In America, there is a convergence of vigorous debate, deep intellectual and theological reflection, and strong religious life that is providing a powerful moment for the Catholic Church that I believe will ripple out and nourish the world.
Look at the incredible output of American Catholics. On the artistic front, there are great musicians such as Matt Maher who are making genuine advancements in our understanding of music’s role in worship. In terms of theological reflection, there is a depth to the more popular writers such as Dr. Scott Hahn and Bishop Barron that is difficult to match. Very simply put, Bishop Barron’s Catholicism series is a modern masterpiece that will most likely be a digital version of the greats of old such as the Imitation of Christ or the Dark Night of the Soul.
This is not to mention the explosion of new religious charisms that are nourishing our Church with strong formation and incredible witness. There is just not enough space in one article to describe the many avenues of vitality that have arisen in 21st Century American Catholicism.
Yes, there is a certain amount of turmoil, but the kind of turmoil that marks all great moments of transition and growth. This is where St. Thomas Aquinas comes into the conversation.
Like his time period, we are experiencing a convergence of knowledge and study that requires Catholic thinkers to dig deep and enter into a new, missionary dialogue with non-Catholic culture. In the time of St. Thomas Aquinas, this involved a dialogue with pagan and Muslim philosophy. In our time, it involves several layers of human inquiry stretching from advances in the human sciences to the amazing progress of modern technologies.
In this midst of such an incredible transition in human history, Catholics need not be afraid.
Our religion has all of the resources needed to provide a robust answer to the questions that plague the human heart and the modern spirit of inquiry.
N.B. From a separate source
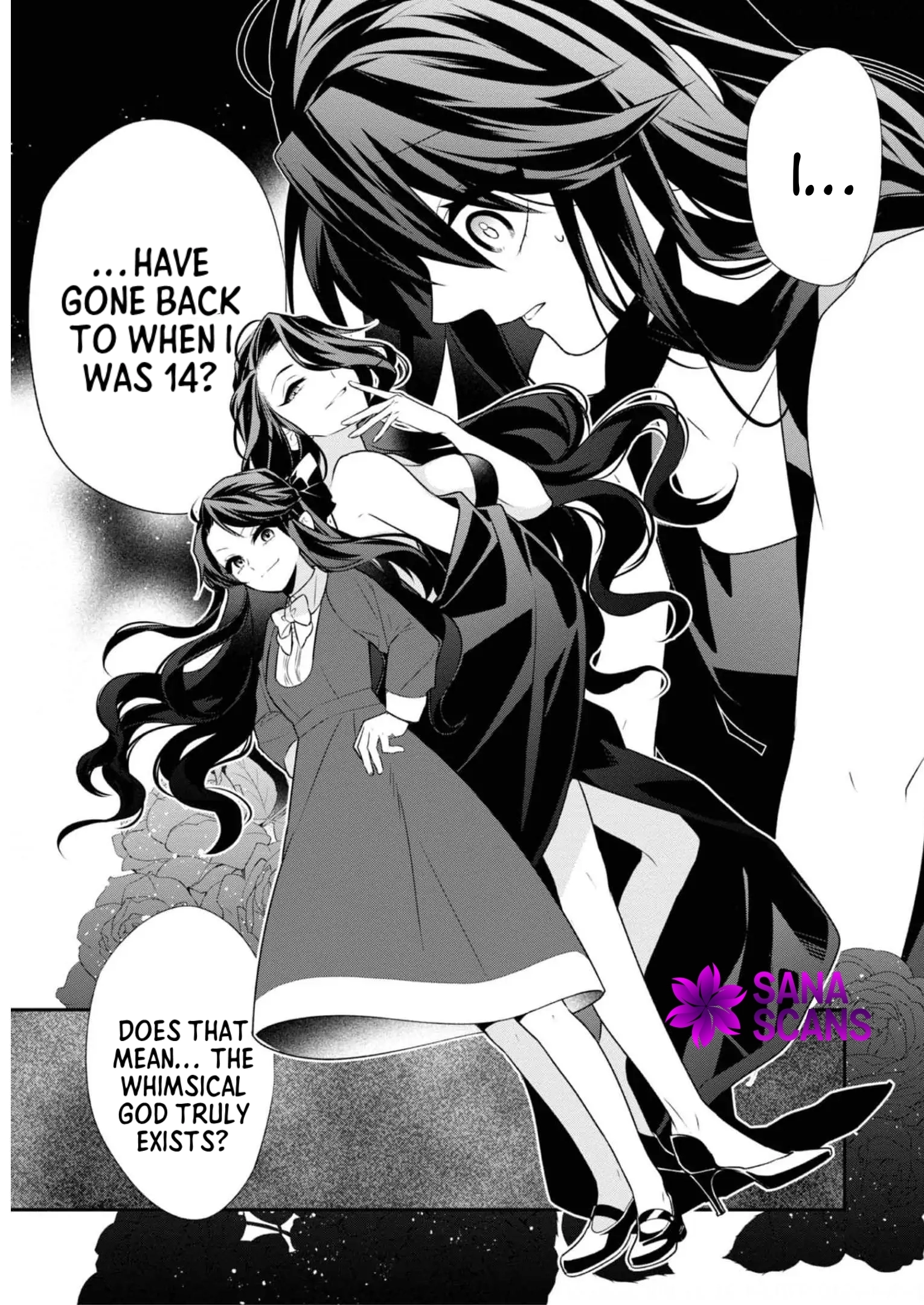 The fallen villainess rewinds fate, seeking to embody the flawless evil. Chapter 1 Page 30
However, people must be willing to dig deep and to ask deep questions.
If there is one way that young Catholics need to be challenged is not to set aside their questions, but rather to learn how to truly seek answers that go beyond quick solutions and easy prescriptions for modern living. If our age is to continue to flourish and mature, then our young people must be given the tools needed to explore the complex realities that they face.
Simply put, they must be allowed to enter into the life giving stream of thought that is currently flowing on a national level. Thus must be connected to the best of what American Catholicism has to offer.